Les produits du bois sont également vus de
manière très étroite, comme des grumes destinées à
être exportées à l'état brut ou transformées
minimalement, au lieu de considérer le bois comme
une substance organique merveilleusement complexe
qui peut être transformée en une large gamme de
produits utiles, des produits pharmaceutiques aux
tissus en passant par le bois d'ingénierie.

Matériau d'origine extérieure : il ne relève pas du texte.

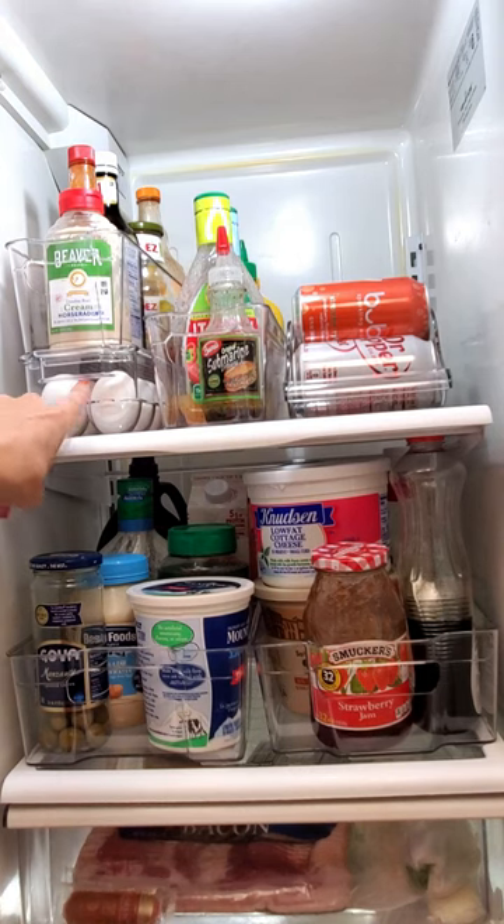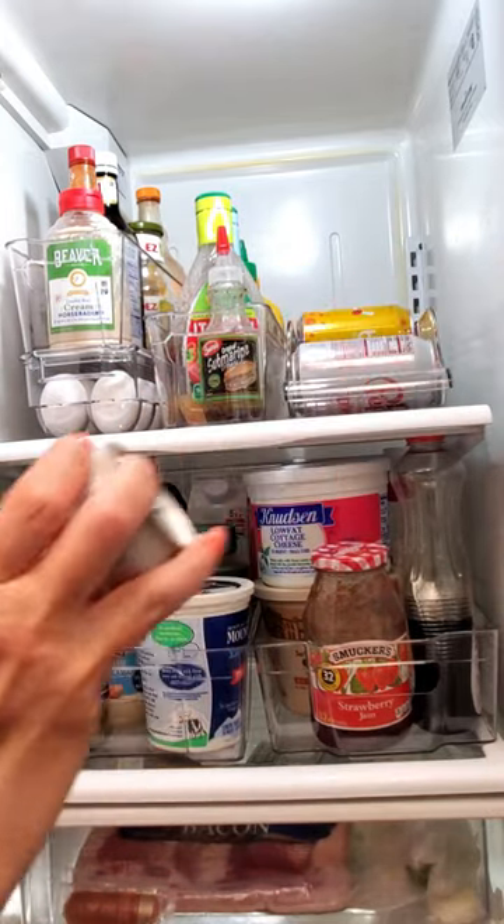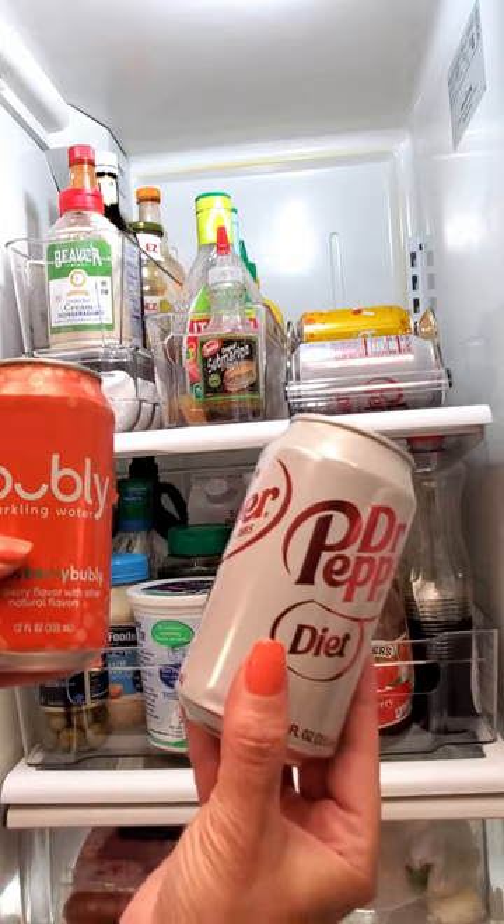I also like that you could stack this narrow bin right on top of the eggs, saving even more space. And it's so easy to just grab a soda can and go. Simple as that.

Alors, qu'est-ce qui empêche de bâtir la
sylviculture avec une approche globale ? Nombreux
sont ceux qui soutiendraient que ce sont les
intérêts des entreprises forestières monopolistes
et capitalistes mondialisées qui font pression sur
les gouvernements et la société en général pour
qu'ils adoptent des vues et des politiques
étroites, compartimentées et axées sur la
recherche du profit, et qui exercent un contrôle
monopoliste sur les ressources forestières.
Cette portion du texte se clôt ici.